Not all invasive species are so benign. Wildlife officials have worked for years to keep the invasive Asian carp from entering the Great Lakes via the Mississippi River, as an Asian carp population would expand so quickly it could devastate the $7-billion Great Lakes fishing industry

"It's very sobering," Marc Gaden, spokesman for the Great Lakes Fishery Commission told the Associated Press. "Lake Erie is one of the most productive inland fisheries in the world. It wouldn't be as valuable by any stretch of the imagination if one out of every three pounds of fish were Asian carp."

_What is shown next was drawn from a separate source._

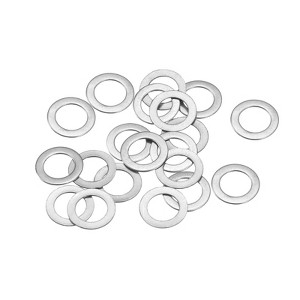 Unique Bargains 304 Stainless Steel Screw Bolt Electronic Repair Automotive Ultra Thin Flat Washers - 1 of 4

In places where an invasive species is established, however, some creative entrepreneurs still find ways to work with them. The founder Angie Wu of Two Rivers Fisheries told The Wall Street Journal her inspiration came after she read an article calling the proliferation of Asian carp a "disaster." Knowing most Chinese consider the fish delicious, she effectively markets the catch as a scrumptious "Kentucky white fish" in China.  

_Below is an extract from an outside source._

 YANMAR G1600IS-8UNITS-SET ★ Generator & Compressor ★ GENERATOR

The company is now catching as many as 15,000 Asian carp daily and shipping them to carp-loving Asians. The company nearly doubled its shipments after opening in 2013 and cannot keep up with demand.

"There's just not enough fishermen to take care of what I need," says Jeff Smith, the company's operations manager. "I want 20,000 to 25,000 a day." 

The opportunism of water snakes, fishermen, and Asian carp marketers demonstrates that not all the impacts of invasive species are equal, and not all are negative.

"I think it’s naïve to say, 'Oh we’re going to get rid of invasive species in the Great Lakes," King says. "The water snake-goby example is a good example of how the impacts might be unexpected."